熊野寮の「反差別」が如何に問題含みか

熊野寮の「反差別」が如何に問題含みか

熊野寮は京都大学の学生寮であり、自治寮である。寮生が自ら自律性を持って運営している。熊野寮はあらゆる差別とハラスメントを認めない立場に立ち、反差別とハラスメント対策に取り組んでいる。それ自体はとてもいいことだ。だが、それが内実としておおいに問題含みなものであったとしたら?

この記事ではインターネット上で閲覧できる声明文やパンフレットの記事を手掛かりに、熊野寮の掲げる「反差別」「反ハラスメント」が如何に問題のあるものであるかを見ていくことにしよう。

  • 2015年ストーム問題を巡って

2015年の熊野寮祭において、ストームという企画とその後の企画参加者熊野寮生のSNS投稿において、女性差別とハラスメントがあった。2016年4月に吉田寮自治会が声明文を発出し、同年8月に熊野寮自治会がそれへの応答にあたる声明文を発出している。ことの経緯は吉田寮自治会の声明に詳しく書かれているのでそちらを参照してもらいたいが、ストーム終了後に熊野寮生がSNS上で「今日のストームはどさくさに紛れて吉田寮の女の子にボディタッチするという目標を大いに達成できたので良かった」という投稿を行ったというのがことのあらましである。

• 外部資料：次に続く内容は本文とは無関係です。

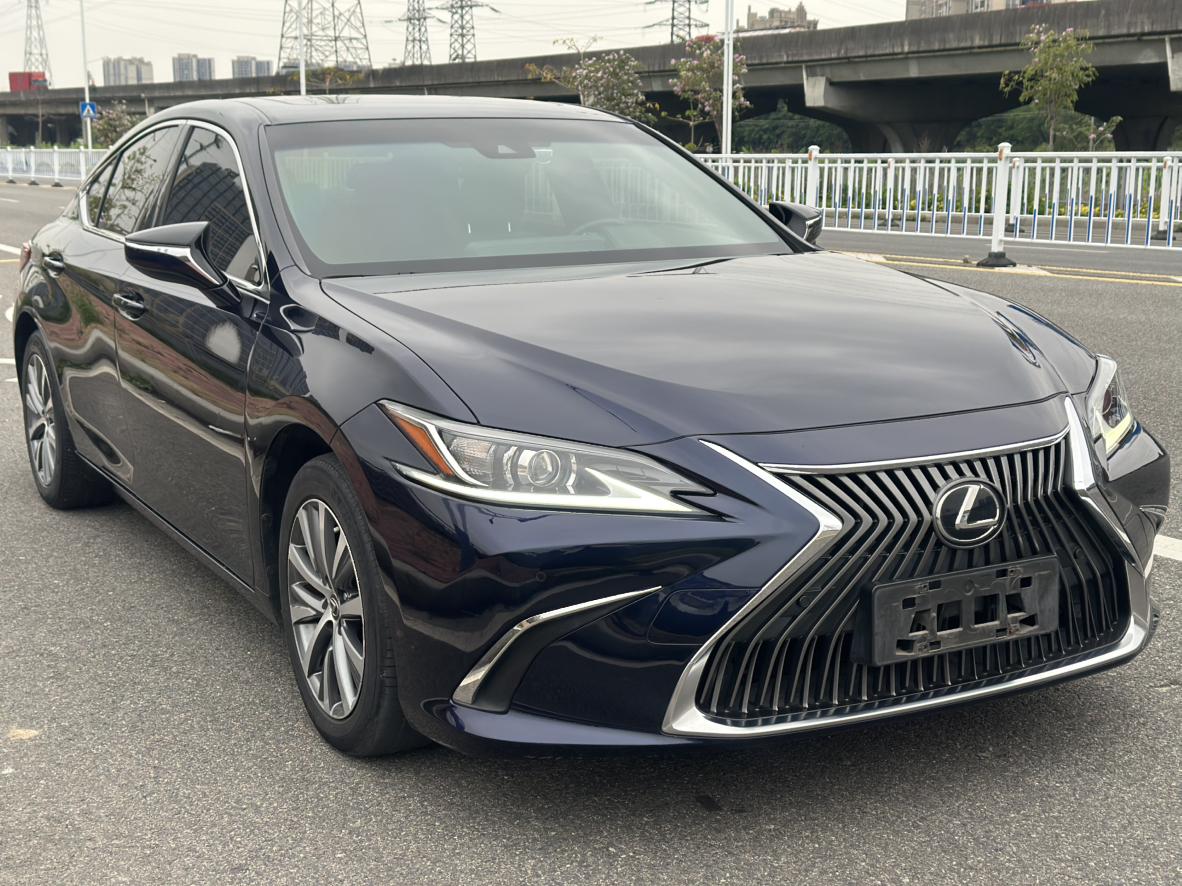 Lexus ES — фотографии объявления, Фото 3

吉田寮自治会の声明文では、この投稿の何がどう問題であるかが分析され書かれている。かいつまんで再構成すると、おおよそ次のようになる。まず、背景にはホモソーシャル的な「男性」性の問題がある。ここでのホモソーシャルとは「女性」(=「男性でない者」)を性的にモノ化、対象化することを通じて「男性」どうしが結束を強めるような実践のことであり、このような実践を通じて、「女性」「非男性」はホモソーシャルな場から排除されることになる。ここでの「男性」とは、単に生物学的にmaleであるとされる者ではなく、ホモソーシャルの中で果たす役割によって規定される社会的な概念、すなわちジェンダーであることは明らかである。

このような背景的、前提的問題の確認ののち、当該投稿の具体的問題点が指摘される。まず、「当人の許可や合意なく勝手に身体に触ることは、暴力である」。そして、その暴力は不当なものである。さらに、殊更に女性に触れることが話題にされるのは、既存の権力関係によって女性が舐められているからであり、「女性である」ことに特別な性的意味づけを見出しているからである。まさにその点においてこの投稿はセクシャルハラスメントなのである。したがって、投稿にあるような行為が実際になされていなくとも、女性という社会的属性に対する特定の意味付けの再生産の実践であるということによって、当該投稿は女性差別でありセクシャルハラスメントである。

このような問題認識は、客観的かつ倫理的観点に基づいていることは注目に値する。そのことは、「不当な暴力」「人格の侵害」「善悪の問題からは逃れられない」といった表現が用いられていることからもわかる。

他方で、熊野寮自治会の声明文を見ると、これらの指摘には何一つ応答できていないことがわかる。「女性」を排除することで結束を強めるホモソーシャルな場への反省は全くない。「女性」という社会的属性・ジェンダーに対する不当で不利な意味付けの再生産実践という問題化のされ方もしておらず、不快に思った人への謝罪に終始している。投稿を見た人の主観的な感じ方だけが問題とされ、不当性、侵害、善悪といった客観的次元はまるで脱落している。差別やハラスメントを単に被害者が不快に思うからいけないのだとするのは問題の矮小化である。「相手が不快に思うことはしてはいけない」というのは明らかに普遍化可能な原則ではない。そうではなく、差別やハラスメントというのは何らかの意味で道徳的ないし倫理的な悪であるからいけないはずである。吉田寮自治会による問題の指摘と提起に対する応答としては、熊野寮自治会の声明文は全くといっていいほど噛み合っていないのだ。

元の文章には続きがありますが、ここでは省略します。